Acute antibiotic therapy

Where possible, the sputum should be obtained for culture and sensitivity testing prior to commencing antibiotics. However, empirical antibiotics can be started whilst awaiting the sputum results. Table 4 shows common organisms associated with acute exacerbations of bronchiectasis and their treatment in primary care. In general, antibiotic courses for 14 days are standard and should always be used in patients infected with P. aeruginosa. Shorter courses may suffice in patients with mild bronchiectasis (usually 7–10 days). It is recommended to consider providing a home sputum pot and standby antibiotics for future exacerbations.

Table 4

Common organisms associated with acute exacerbations of bronchiectasis and suggested oral antibiotics[1]

Organism	Recommended first-line treatment	Length of treatment	Recommended second-line treatment	Length of treatment
Streptococcus pneumoniae	Amoxicillin 500 mg tds	14 days	Doxycycline 100 mg BD	14 days
H. influenzae-beta lactamase negative	Amoxicillin 500 mg tds or amoxicillin 1G tds or amoxicillin 3G BD	14 days	Doxycycline 100 mg BD or ciprofloxacin 500 or 750 mg BD or ceftriaxone 2G OD (IV)	14 days
H. influenzae-beta lactamase pos	Amoxicillin with clavulanic acid 625 one tablet tds	14 days	Doxycycline 100 mg BD or ciprofloxacin 500 or 750 mg BD or ceftriaxone 2G OD (IV)	14 days
Moraxella catarrhalis	Amoxicillin with clavulanic acid 625 one tablet tds	14 days	Clarithromycin 500 mg BD or doxycycline 100 mg BD or ciprofloxacin 500 or 750 mg BD	14 days
Staphylococcus aureus (methicillin sensitive)	Flucloxacillin 500 mg qds	14 days	Clarithromycin 500 mg BD or doxycycline 100 mg BD or amoxicillin with clavulanic acid 625 one tablet tds	14 days
Pseudomonas aeruginosa	Oral ciprofloxacin 500 mg BD (750 mg BD in more severe infection)	14 days	Discuss with a respiratory specialist/microbiologist

BNF 72 (March 2017) OD once daily; BD twice daily; TDS three times a day; IV intravenous

Prognosis

Patients with mild bronchiectasis should have a normal life expectancy, but in patients with more-advanced bronchiectasis, there is an increased risk of recurrent exacerbations, vascular disease and mortality.[30,31,33]

Conclusions

A diagnosis of bronchiectasis should be suspected when a patient presents with a persistent or recurrent productive cough. Definitive diagnosis is made by thin-section CT scan of the chest. Assessment of bronchiectasis should be carried out in secondary/tertiary care, where a shared management plan should be formulated with the patient and the community/primary care team.

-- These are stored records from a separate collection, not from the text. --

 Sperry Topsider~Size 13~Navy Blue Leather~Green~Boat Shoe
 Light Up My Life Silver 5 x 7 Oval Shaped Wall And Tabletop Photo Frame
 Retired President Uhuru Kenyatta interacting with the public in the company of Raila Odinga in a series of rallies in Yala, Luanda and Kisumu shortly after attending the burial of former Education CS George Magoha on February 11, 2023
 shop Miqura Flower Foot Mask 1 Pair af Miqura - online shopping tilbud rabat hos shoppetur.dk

Many patients can be routinely managed in primary care, where the cornerstone of management is physiotherapy to improve sputum clearance and maximise exercise capacity and prompt treatment of exacerbations with antibiotics.

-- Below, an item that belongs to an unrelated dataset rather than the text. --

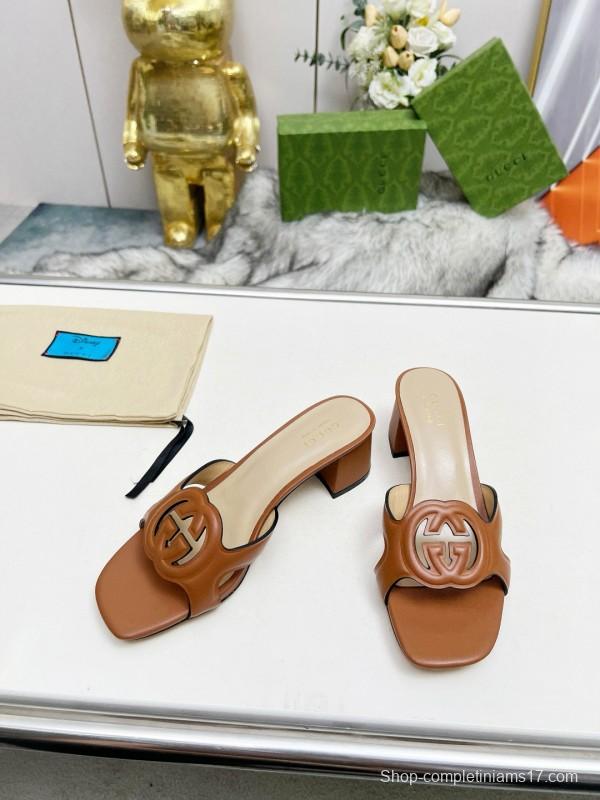 2025 Gucci Brown Leather Slippers MJ00190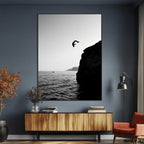 Silhouette Cliff Diver Wall Art | Framed Black White Ocean Canvas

The British Thoracic Society Bronchiectasis Guidelines provide advice for diagnosis and management of primary care in the United Kingdom. Although some of the advice, such as the type of antibiotics to be used, is specific to the United Kingdom, many of the recommendations are in line with those of the European Respiratory Society Guidelines 2017,[34] and provide a sound basis for primary care management of this increasingly prevalent disease throughout the world.